*** Opening of Data excerpts ***

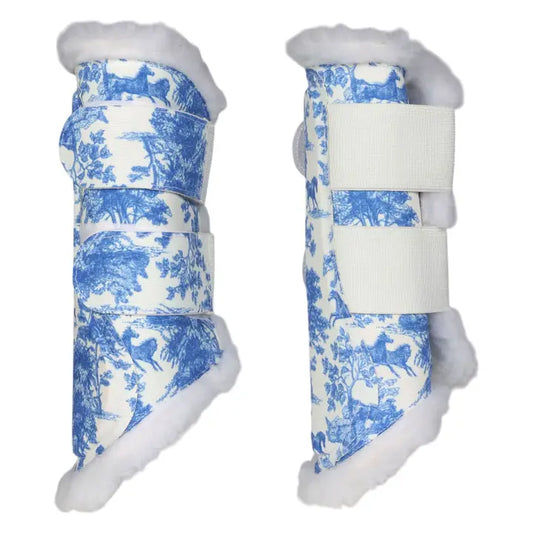 Paratendini Fashion Art - Blu/Bianco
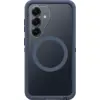 Image de OtterBox Defender Samsung Galaxy S26 Back Cover avec Aimant Transparent Bord Bleu 77-99901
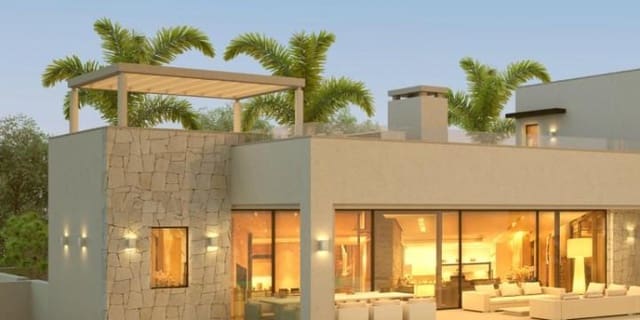 4 makuuhuone Huvila myytävänä paikassa Marbella mukana uima-altaan 
autotalli - 2 750 000 € (Ref: 10001514)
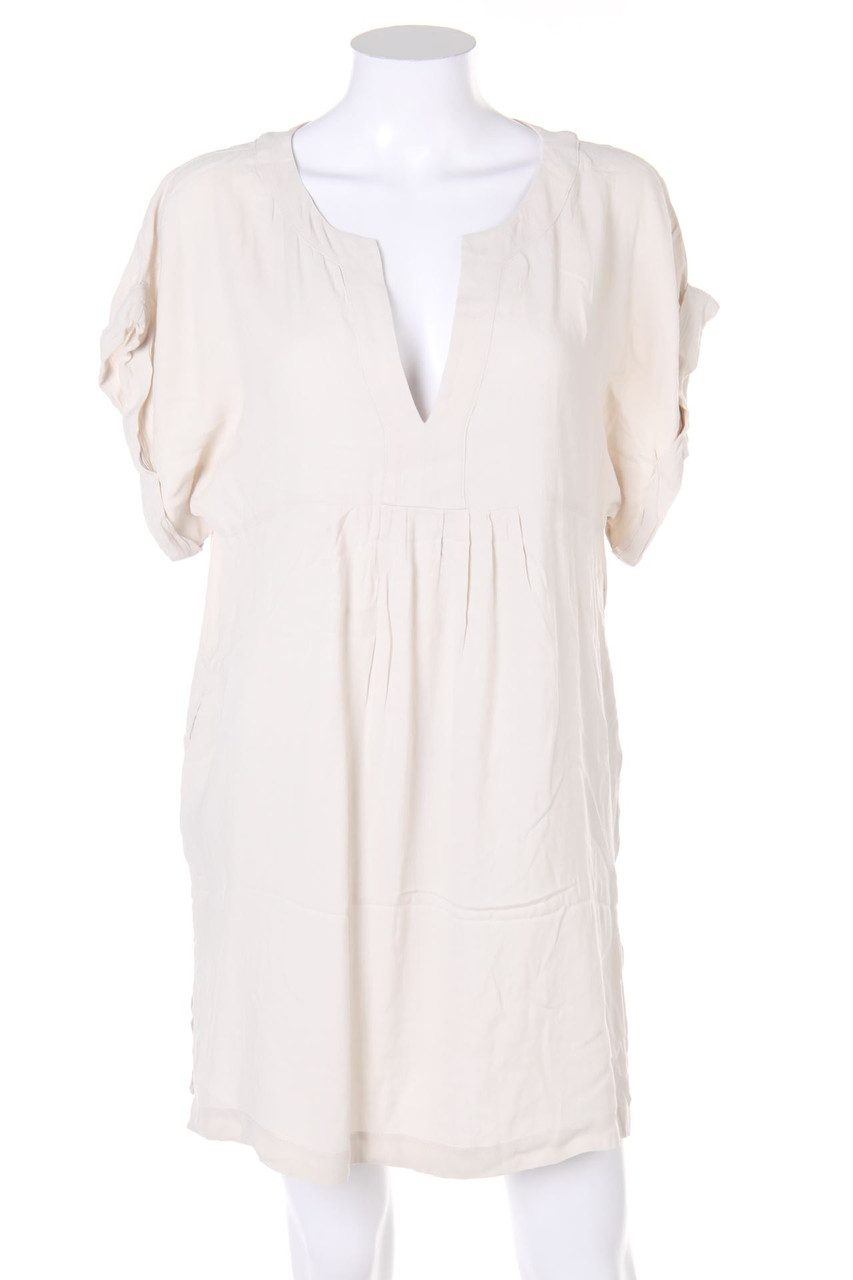 ZARA WOMAN - Dress with Ruffles - S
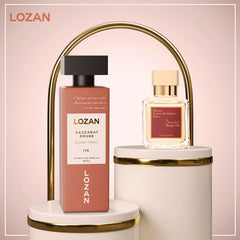 Baccarat Rouge 176 Lozan Perfumes 80Ml
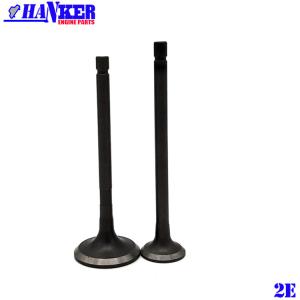 Quality 13711-10020 13712-10010 Toyota 2E Engine Exhaust Valve Intake Valve Spare Parts wholesale
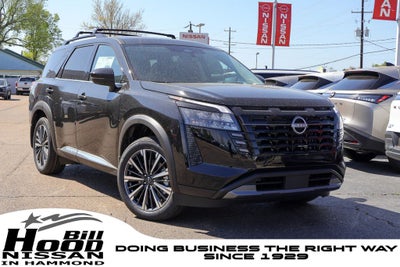 2026 Nissan Pathfinder Platinum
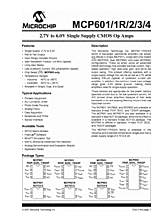 DataSheet MCP603 pdf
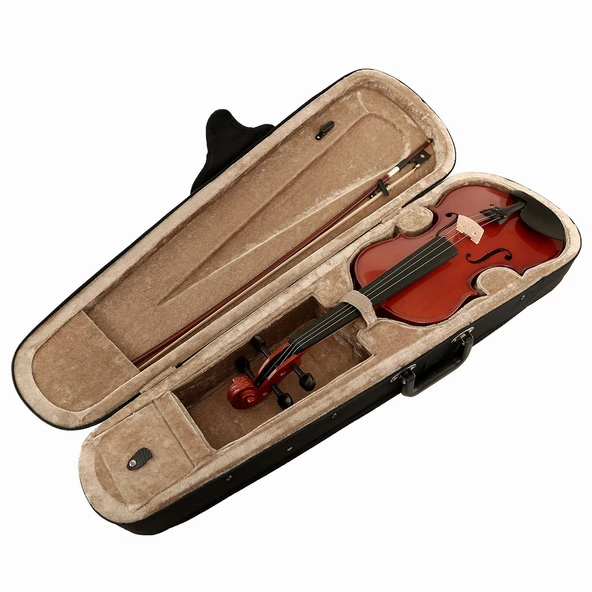 Keman Stanislava Abanoz Klavyeli 3/4 STVA34 - Resim 5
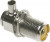 HYR-0607A (UHF-7513A) (GU-607), Разъем UHF, гнездо угловое RG-58, вкручивающийся (Twist-on)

*** Close of Data excerpts ***

*Your goal*
Output exactly the lines from the one that has "4 makuuhuone Huvila" through the end of the data. Do not include pictures.

*Response area*
 4 makuuhuone Huvila myytävänä paikassa Marbella mukana uima-altaan 
autotalli - 2 750 000 € (Ref: 10001514)
 ZARA WOMAN - Dress with Ruffles - S
 Baccarat Rouge 176 Lozan Perfumes 80Ml
 Quality 13711-10020 13712-10010 Toyota 2E Engine Exhaust Valve Intake Valve Spare Parts wholesale
 2026 Nissan Pathfinder Platinum
 DataSheet MCP603 pdf
 Keman Stanislava Abanoz Klavyeli 3/4 STVA34 - Resim 5
 HYR-0607A (UHF-7513A) (GU-607), Разъем UHF, гнездо угловое RG-58, вкручивающийся (Twist-on)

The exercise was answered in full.